This section describes the search and indexing implementation.

Basics

The current application relies on Django Haystack, a high-level framework brokering between Django and a search backend. This search backend is currently ElasticSearch, but could be interchanged for Apache SOLR, should the need arise.

Re-Indexing

For now, reindexing (or updating the index, for that matter), is only done manually. To have all data indexed, just run:

python manage.py rebuild_index

for a full rebuild (wipes the indices first), or:

python manage.py update_index

to perform a simple update.

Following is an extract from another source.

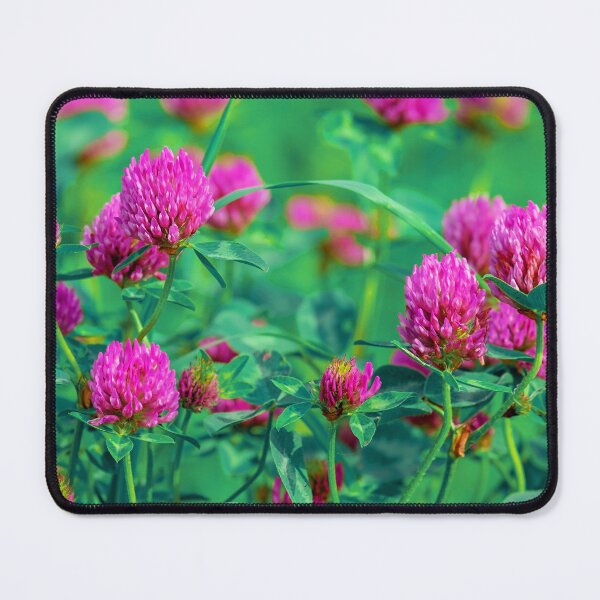 Item preview, Clover Flower designed and sold by Bunmigraphics .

For this to succeed, make sure ElasticSearch is up and running.

SearchViews

Searching is split between different contexts, represented by different Django views (cf. offenesparlament/search_views.py):

  1. Main Search (all indices), at /search
  2. Persons, at personen/search
  3. Laws, at gesetze/search
  4. debates, at debatten/search

Each view determines the available facets - for instance, the Person view returns, among others, faceting information for the person’s party in it’s results.

The views all inherit from JsonSearchView, an adaptation of Haystack’s SearchView that, instead of rendering a template, returns JSON data to be processed by the frontend.

Each accepts a query parameter, q, and a list of facet filters, named like the facets available for that view:

Main Search
  • No Facets
Persons
  • party: A person’s party, for instance, SPÖ
  • birthplace: A persons birthplace
  • deathplace: A persons deathplace
  • occupation: A persons occupation
  • llps: The legislative period(s) a person was/is active during
  • ts: The timestamp that entry was last updaten (from the parlament site)
Laws
  • category: A law’s category
  • keywords: A law’s assigned keywords
  • llp: The legislative period of a law
  • ts: The timestamp that entry was last updaten (from the parlament site)
Debates
  • llp: The legislative period a debate fell into
  • debate_type: either NR or BR (Nationalrat/Bundesrat)
  • date: The date the debate happened

Each of the facet filters means each resulting entry must contain the term, but it is not specifiying exact searches; for instance, filtering fields that might contain multiple entries like a person’s active legislative periods, for instance, will return all persons that have the period in question in their list, not just persons whose list contains only the period in question.

The query parameter searches in the index’s text field - an aggregate field containing most of the other fields to allow more specific searches.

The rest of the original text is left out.